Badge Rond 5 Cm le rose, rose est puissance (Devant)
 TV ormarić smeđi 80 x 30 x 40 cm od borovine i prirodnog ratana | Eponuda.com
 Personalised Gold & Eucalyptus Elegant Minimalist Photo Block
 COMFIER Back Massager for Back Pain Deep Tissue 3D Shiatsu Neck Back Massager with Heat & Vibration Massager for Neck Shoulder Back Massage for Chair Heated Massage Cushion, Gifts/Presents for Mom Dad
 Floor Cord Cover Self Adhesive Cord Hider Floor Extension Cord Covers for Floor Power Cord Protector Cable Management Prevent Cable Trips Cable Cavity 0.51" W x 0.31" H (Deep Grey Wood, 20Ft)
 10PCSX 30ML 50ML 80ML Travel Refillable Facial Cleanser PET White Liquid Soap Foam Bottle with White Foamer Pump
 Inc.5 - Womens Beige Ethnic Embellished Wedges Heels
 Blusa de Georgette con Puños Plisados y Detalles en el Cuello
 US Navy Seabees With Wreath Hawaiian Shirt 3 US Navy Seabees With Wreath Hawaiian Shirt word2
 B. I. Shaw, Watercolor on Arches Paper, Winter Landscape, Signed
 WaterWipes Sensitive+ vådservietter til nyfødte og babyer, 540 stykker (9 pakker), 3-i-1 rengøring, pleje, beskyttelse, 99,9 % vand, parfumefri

> Try it
Take exactly the lines from the one containing "10PCSX 30ML 50ML" through the one containing "Blusa de Georgette" in the data above, and output them with nothing added.

> Answer area
 10PCSX 30ML 50ML 80ML Travel Refillable Facial Cleanser PET White Liquid Soap Foam Bottle with White Foamer Pump
 Inc.5 - Womens Beige Ethnic Embellished Wedges Heels
 Blusa de Georgette con Puños Plisados y Detalles en el Cuello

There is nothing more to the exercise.